To the example in the slides…
This will use the HMB data.
First a linear regression.
> HMB.L <- lm(TotCost~units, data=HMB)
> summary(HMB.L)
Call:
lm(formula = TotCost ~ units, data = HMB)
Residuals:
Min 1Q Median 3Q Max
-1606.7 -610.9 -124.8 509.8 2522.3
Coefficients:
Estimate Std. Error t value Pr(>|t|)
(Intercept) 12308.642 323.601 38.04 <2e-16 ***
units 21.702 0.862 25.18 <2e-16 ***
---
Signif. codes: 0 '***' 0.001 '**' 0.01 '*' 0.05 '.' 0.1 ' ' 1
Residual standard error: 871.8 on 58 degrees of freedom
Multiple R-squared: 0.9162, Adjusted R-squared: 0.9147
F-statistic: 633.8 on 1 and 58 DF, p-value: < 2.2e-16
Now linear models to get the polynomial.
> HMB.Q <- lm(TotCost ~ poly(units , degree=2, raw=TRUE), data=HMB)
> summary(HMB.Q)
Call:
lm(formula = TotCost ~ poly(units, degree = 2, raw = TRUE), data = HMB)
Residuals:
Min 1Q Median 3Q Max
-1624.5 -616.3 -132.9 516.4 2507.0
Coefficients:
Estimate Std. Error t value
(Intercept) 1.219e+04 8.774e+02 13.890
poly(units, degree = 2, raw = TRUE)1 2.250e+01 5.421e+00 4.150
poly(units, degree = 2, raw = TRUE)2 -1.129e-03 7.585e-03 -0.149
Pr(>|t|)
(Intercept) < 2e-16 ***
poly(units, degree = 2, raw = TRUE)1 0.000112 ***
poly(units, degree = 2, raw = TRUE)2 0.882230
---
Signif. codes: 0 '***' 0.001 '**' 0.01 '*' 0.05 '.' 0.1 ' ' 1
Residual standard error: 879.2 on 57 degrees of freedom
Multiple R-squared: 0.9162, Adjusted R-squared: 0.9133
F-statistic: 311.6 on 2 and 57 DF, p-value: < 2.2e-16
In the model box, select HMB.L and predict it for 300, 350, and 400 units. Then Models and Prediction Intervals (HH).. First, the confidence interval for mean total costs.
> .NewData <- data.frame(units=c(300, 350, 400), row.names=c("1", "2", "3"))
> .NewData # Newdata
units
1 300
2 350
3 400
> predict(HMB.L, newdata=.NewData, interval="confidence", level=.95, se.fit=FALSE)
fit lwr upr
1 18819.11 18576.63 19061.58
2 19904.19 19678.87 20129.50
3 20989.26 20749.21 21229.31
Now just copy the Markdown chunk from above exactly [including the apostrophe marks]. All we will change is the HMB.L to an HMB.Q. This will have R predict the same thing for the other model. This is a shortcoming of the predictions, they are smart but this makes a dialog box hard.

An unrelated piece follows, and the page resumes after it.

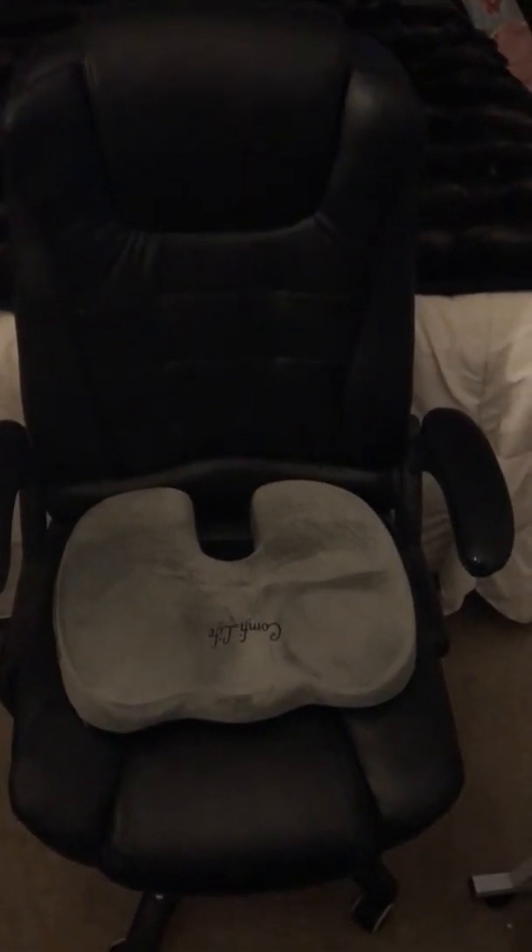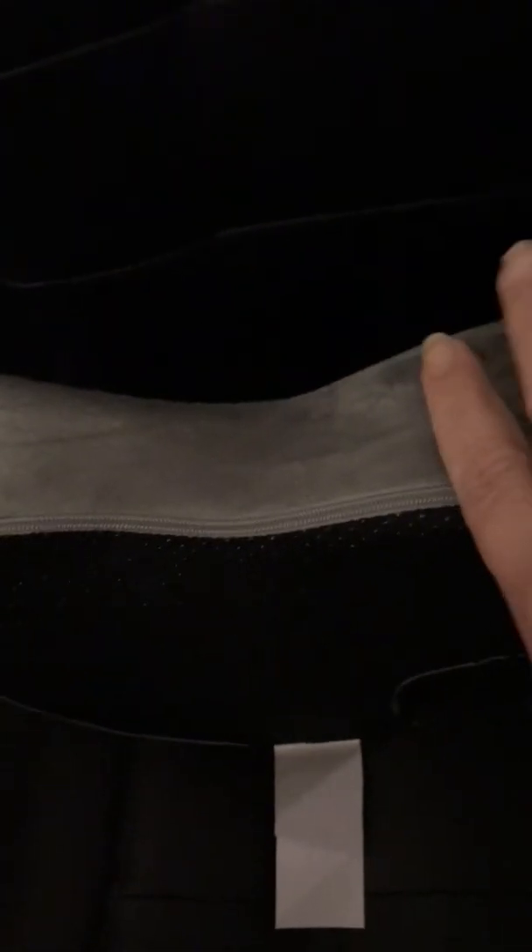It's made out of really soft material. This is actually a cover — it unzips right here so you can throw this cover in the washer and wash it if you need to. It has a rubber backing that helps it not skid around, so when you put it in your seat it's going to stay there and not slip and slide around.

> .NewData <- data.frame(units=c(300, 350, 400), row.names=c("1", "2", "3"))
> .NewData # Newdata
units
1 300
2 350
3 400
> predict(HMB.Q, newdata=.NewData, interval="confidence", level=.95, se.fit=FALSE)
fit lwr upr
1 18835.21 18508.42 19162.00
2 19923.42 19578.95 20267.88
3 21005.98 20675.40 21336.56
We will replicate the same process for the individual distribution of predictions [the range of possible costs, not average costs… remember, we are assuming that the residuals are normal, thus the predictions are normal]. The same interactions but now a prediction interval.

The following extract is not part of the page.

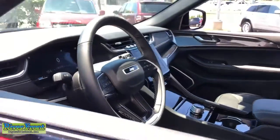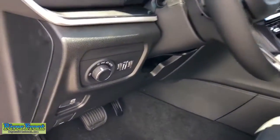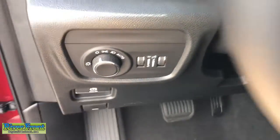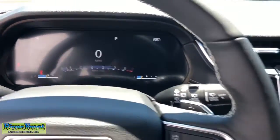Sun and moonroof, keyless entry, fog lamps, power lift gate, remote engine start, backup camera, aluminum wheels, heated front seat, leather-wrapped steering wheel, electronic stability control.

> .NewData <- data.frame(units=c(300, 350, 400), row.names=c("1", "2", "3"))
> .NewData # Newdata
units
1 300
2 350
3 400
> predict(HMB.L, newdata=.NewData, interval="prediction", level=.95, se.fit=FALSE)
fit lwr upr
1 18819.11 17057.28 20580.93
2 19904.19 18144.64 21663.73
3 20989.26 19227.77 22750.75
Now to the quadratic but otherwise the same.
> .NewData <- data.frame(units=c(300, 350, 400), row.names=c("1", "2", "3"))
> .NewData # Newdata
units
1 300
2 350
3 400
> predict(HMB.Q, newdata=.NewData, interval="prediction", level=.95, se.fit=FALSE)
fit lwr upr
1 18835.21 17044.52 20625.89
2 19923.42 18129.42 21717.41
3 21005.98 19214.60 22797.37
And an even more elaborate version. All it does is take new observations on units and predict for those values. We could upload a spreadsheet. Let’s try it.
First, import the new data from a spreadsheet.
Then we will predict using those data, but we need to assign the predictions a name.
Then we can merge the predictions back into the original data.